Wien, 19. III. 1910.

4 SS. auf Doppelblatt. 8vo.

 400,00

An den Wiener Buchhändler und Verleger Hugo Heller (1870-1923): "Ich habe gestern nach der Lektüre Ihres Briefes eine merkwürdige Empfindung gehabt. Es hat mir nämlich das Herz sehr weh getan um Sie und um das, was, wie es scheint, unwiederbringlich verloren gegangen ist. Außerdem hab ich mich geärgert, daß ich mich dazu habe verleiten lassen, den Boten zu spielen in einer geschäftlichen Sache, die mich doch gar nichts angeht und dann habe ich mich über mich nochmals geärgert, daß ich die Botschaft so gründlich ausgerichtet habe. Etwas Schonung wäre am Platz gewesen. Aber das ist, wie Sie ganz richtig andeuten, Nebensache.
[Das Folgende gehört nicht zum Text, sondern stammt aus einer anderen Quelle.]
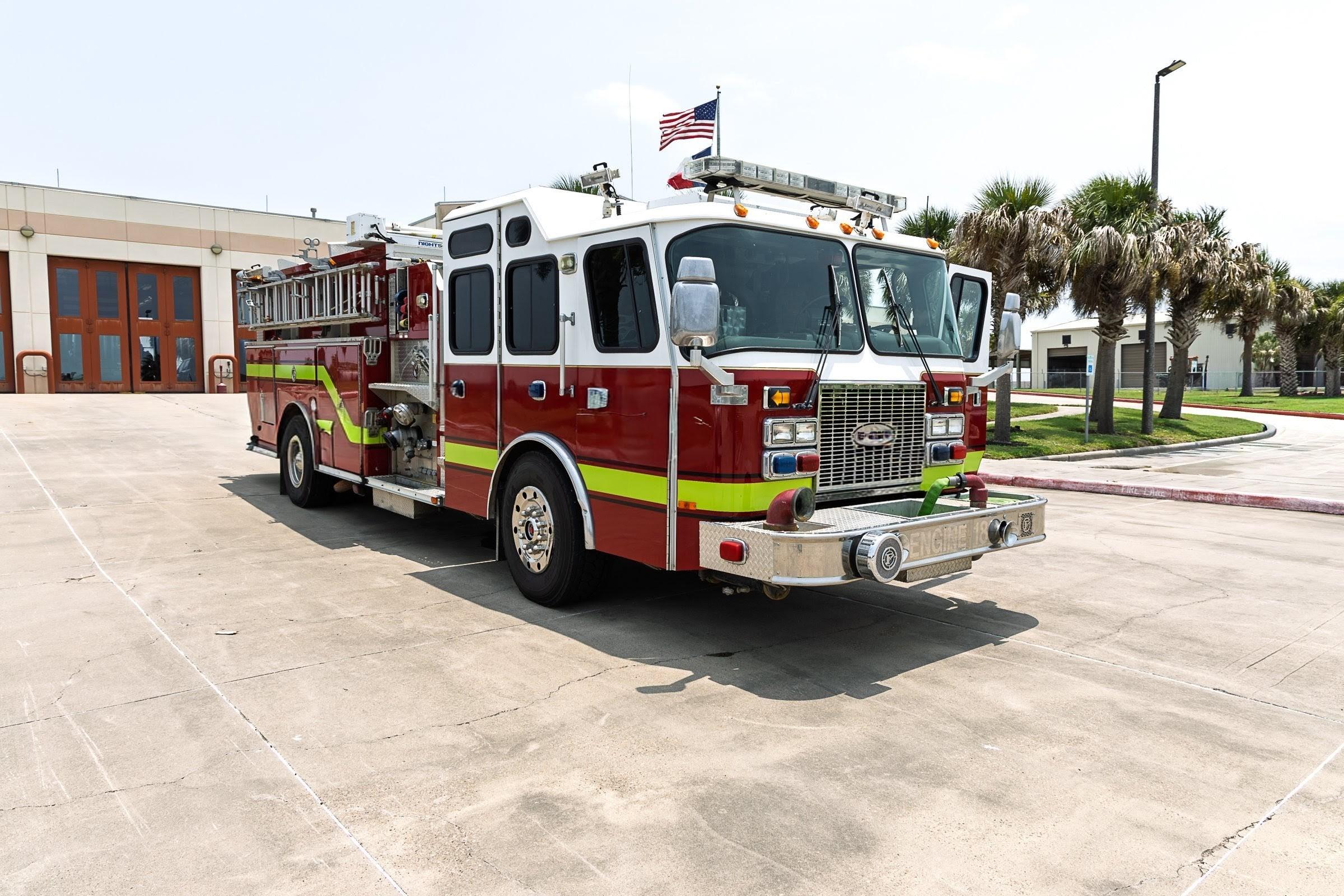 2000 E-One Cyclone Pumper - image 145
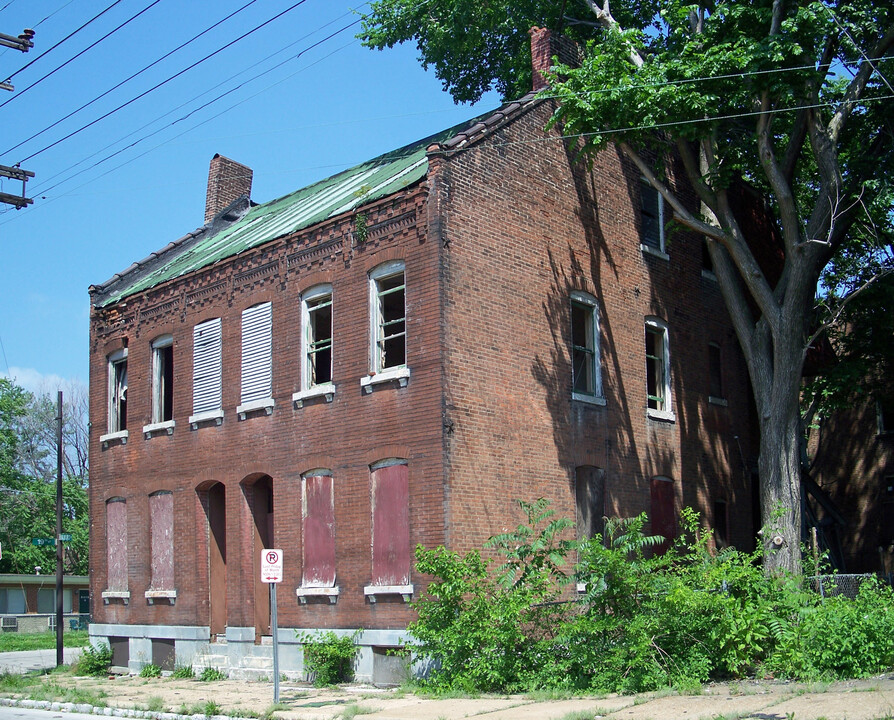 1529-1531 Mallinckrodt St in St. Louis, MO - Building Photo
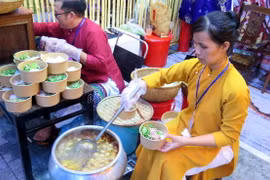 Bún bò Huế được giới thiệu tại Lễ hội 100 món Ẩm thực đường phố Huế năm 2022. (Ảnh: Tường Vi/ TTXVN)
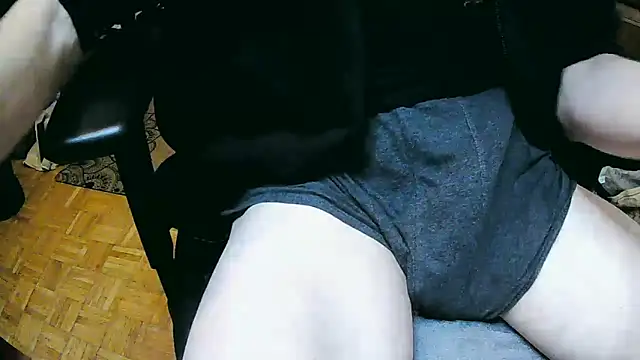 skinnyandthick online show from October 27, 2025, 6:34 pm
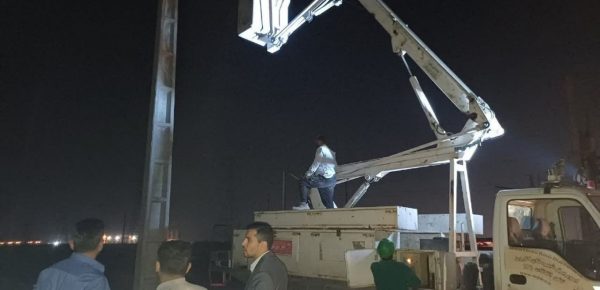 نظارت میدانی دادستان کارون بر روند برق‌رسانی به مناطق آسیب‌دیده از طوفان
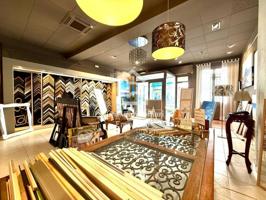 ¡OPORTUNIDAD ÚNICA EN FIGUERES! Local comercial con negocio consolidado en funcionamiento. photo 0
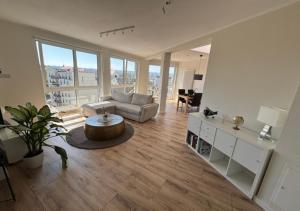 Zentrales, modernes Apartment mit Balkon, Küche & Garage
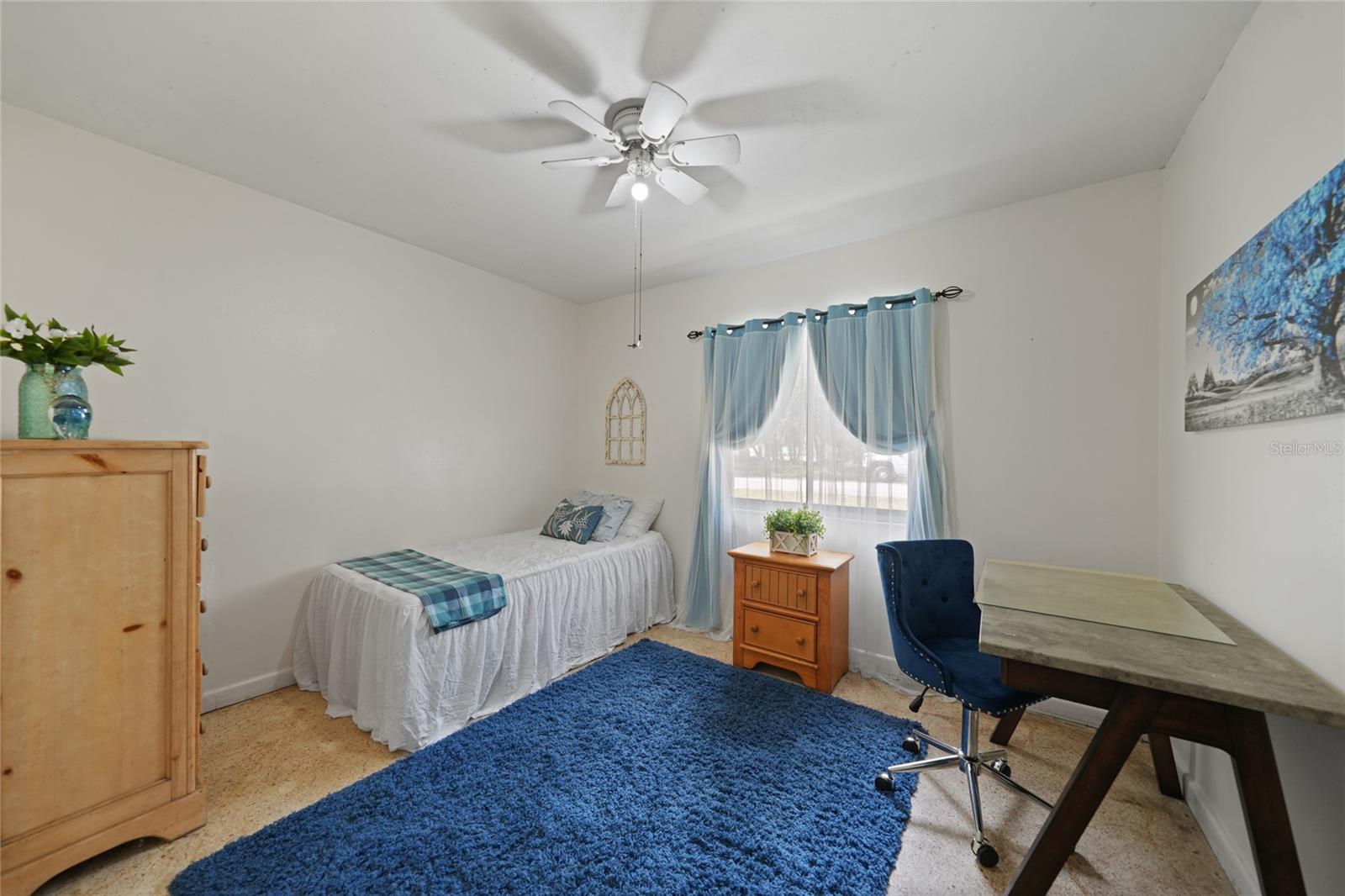 Image 18 of 30 For 203 Volusia Avenue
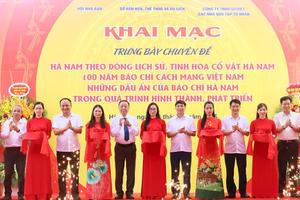 Hà Nam: Nhiều hoạt động tại trưng bày chuyên đề về lịch sử, cổ vật và 100 năm Báo chí Cách mạng Việt Nam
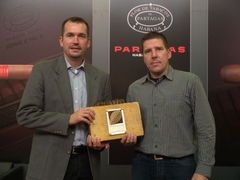 Dirk Kinne (li.) und Martin Schenke vom Tabak-Kontor Leipzig – Habanos-Specialist des Jahres 2011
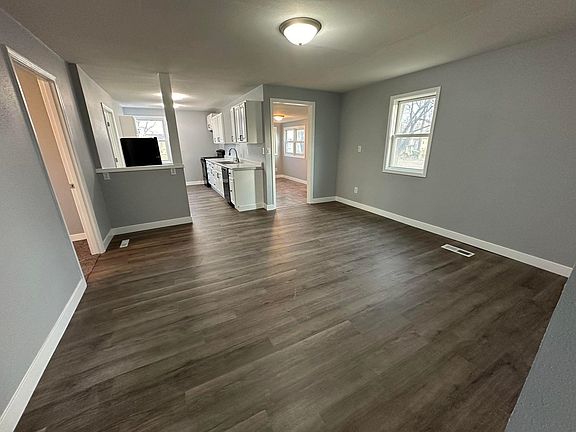 2nd image of 1802 Grand Ave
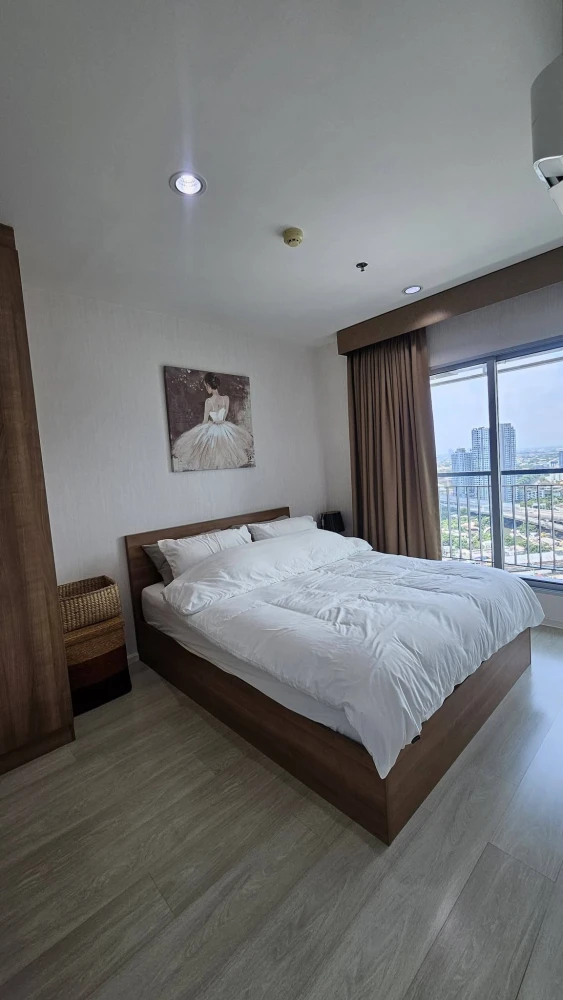 For rent: Aspire Sukhumvit 48, spacious high-floor unit, fully furnished. Just bring your belongings and move in!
Hauptsache ist, daß wir so gründlich auseinander sind, daß wir wie ein paar galvanisierte Leichen neben einander gehen und uns mit falscher Stimme falsche Geschichten erzählen. Und das ist doch jammervoll! Ich lese aus dem was Sie unterdrückten in Ihrem Brief, daß Sie das ebenso empfanden, wie ich, der es allerdings erst mehr hinterdrein zum Bewußtsein kam weil ich wohl etwas schwerfälliger von Begriffen bin, als Sie, der Sie die ganze Skala der menschlichen Empfindungen so virtuos beherrschen. Das Schlimmste aber ist, daß ich nicht die Überzeugung habe, daß es in unserer Macht steht, etwas zu ändern oder gar zu bessern [...]".

Die Publizistin und Übersetzerin Luise Kautsky, die zweite Gattin von Karl Kautsky und langjährige Freundin von Rosa Luxemburg, wurde im September 1944 in Auschwitz ermordet.